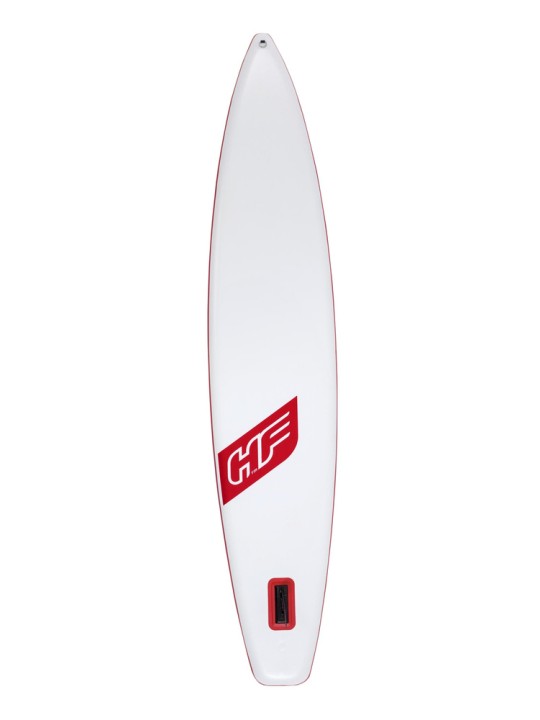 Bestway Hydro-Force SUP dēlis Fastblast Tech Set, 381x76x15 cm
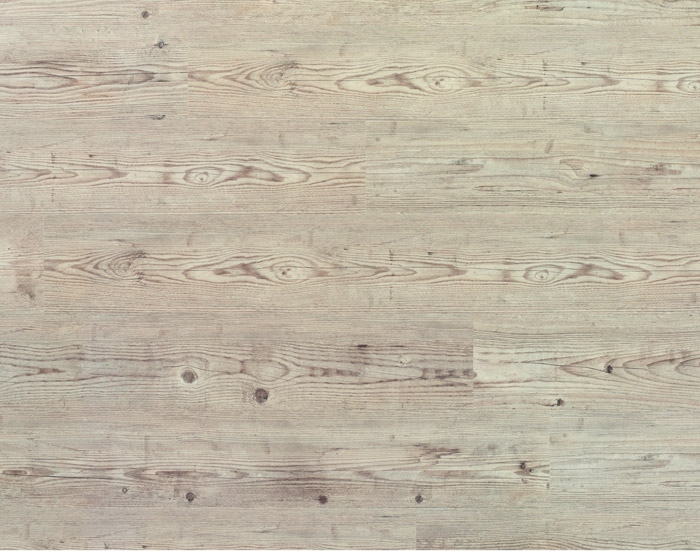 Ламинат Сосна Канадская 62000161 BerryAlloc Riviera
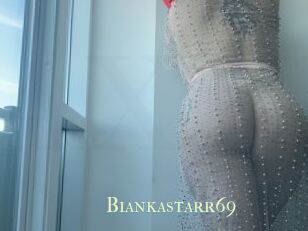 Biankastarr69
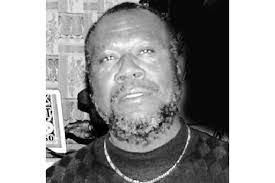 Jessie Malone's Instagram, Twitter & Facebook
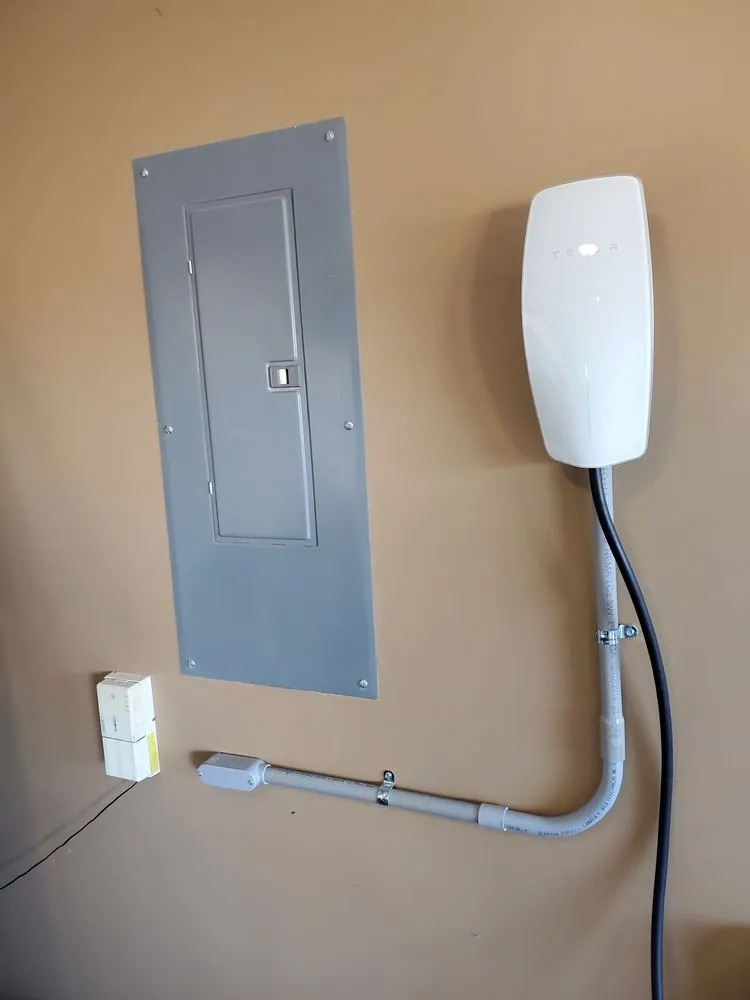 Custom landscaping services in Hinesville, GA by About People Helping People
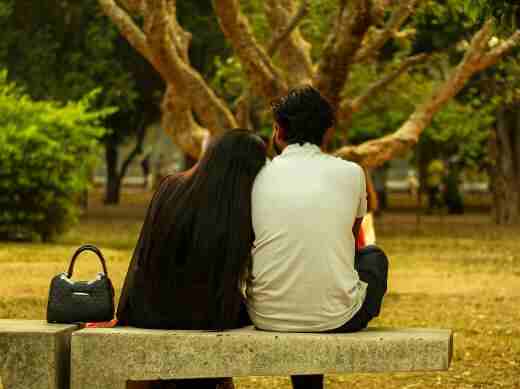 生肖马和生肖羊相配吗?属马、属羊婚配适合吗?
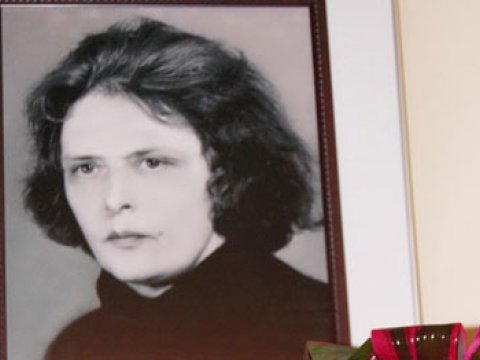 Elza İbrahimova ilə bağlı Baş nazirə müraciət edildi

════════

→ YOUR GOAL
Print each record exactly as it stands, omitting the pictures.

→ TASK SOLUTION
 Bestway Hydro-Force SUP dēlis Fastblast Tech Set, 381x76x15 cm
 Ламинат Сосна Канадская 62000161 BerryAlloc Riviera
 Biankastarr69
 Jessie Malone's Instagram, Twitter & Facebook
 Custom landscaping services in Hinesville, GA by About People Helping People
 生肖马和生肖羊相配吗?属马、属羊婚配适合吗?
 Elza İbrahimova ilə bağlı Baş nazirə müraciət edildi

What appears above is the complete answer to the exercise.